Read the properties and set as attributes of slide obj.

magnification

Objective power of slide obj.

Type:int

wsiprocess.utils

wsiprocess.utils.show_bounding_box(patch_path, result_path, save_as)
wsiprocess.utils.show_mask_on_patch(patch_path, mask_path, save_as)

wsiprocess.verify

Verification script runs before the patcher works. Verify class works for verification of the output directory, annotation files, rule files, etc. Mainly runs for cli.

class wsiprocess.verify.Verify(save_to, filestem, method, start_sample, finished_sample, no_patches, crop_bbox)

Verification class.

Parameters:
  • save_to (str) – The root of the output directory.
  • filestem (str) – The name of the output directory.
  • method (str) – Method name to run.
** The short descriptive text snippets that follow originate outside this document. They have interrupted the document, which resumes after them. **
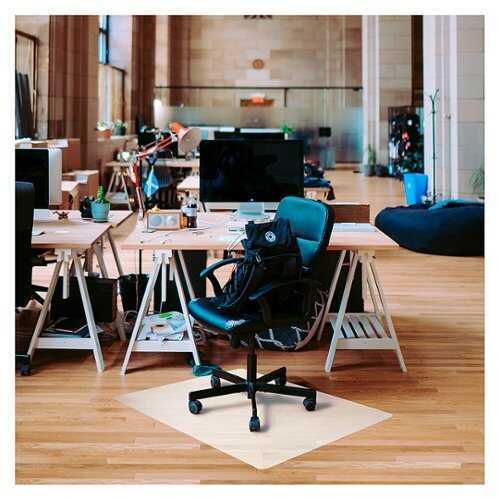 Rent to own Floortex - Ecotex® Polypropylene Rectangular Anti-Slip Foldable Chair Mat for Hard Floors - 46" x 57" - White
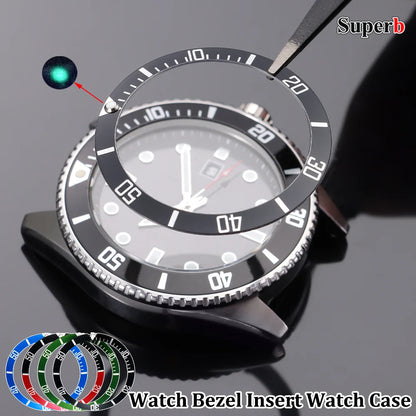 Flat Aluminum Watch Bezel Insert 37.5mm * 30.5mm, Fashion Style, for Rolex GMT Diving Watch Case, Seiko Movement Compatible, Men's/Women's Watch Part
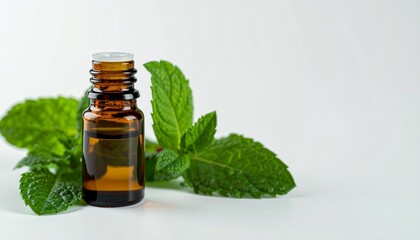 Peppermint essential oil on a white background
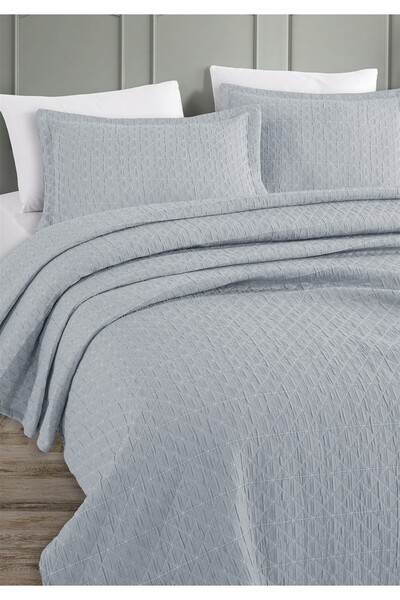 Monolisse Ecipse Jacquard Bedspread Set Double Size Indigo 230X240 cm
One of {“none”, “classification”, “detection”, “segmentation}
  • start_sample (bool) – Whether to save sample patches on Patcher start.
  • finished_sample (bool) – Whether to save sample patches on Patcher finish.
  • extract_patches (bool) – [Deleted]Whether to save patches when Patcher runs.
  • no_patches (bool) – Whether to save patches when Patcher runs.
save_to

The root of the output directory.

Type:str
filestem

The name of the output directory.

Type:str
method

Method name to run. One of {“none”, “classification”, “detection”, “segmentation}

Type:str
start_sample

Whether to save sample patches on Patcher start.

Type:bool
finished_sample

Whether to save sample patches on Patcher finish.

Type:bool
extract_patches

[Deleted]Whether to save patches when Patcher runs.

Type:bool
no_patches

Whether to save patches when Patcher runs.

Type:bool
magnification(slide, magnification)

Check if the slide has data for the magnification the user specified.

Parameters:
  • slide (wp.slide.Slide) – Slide object to check.
  • magnification (int) – Target magnification value which has to be smaller than the magnification of the slide.
static make_dir(path)

Make output directory.

make_dirs()

Ensure the output directories exists for each tasks.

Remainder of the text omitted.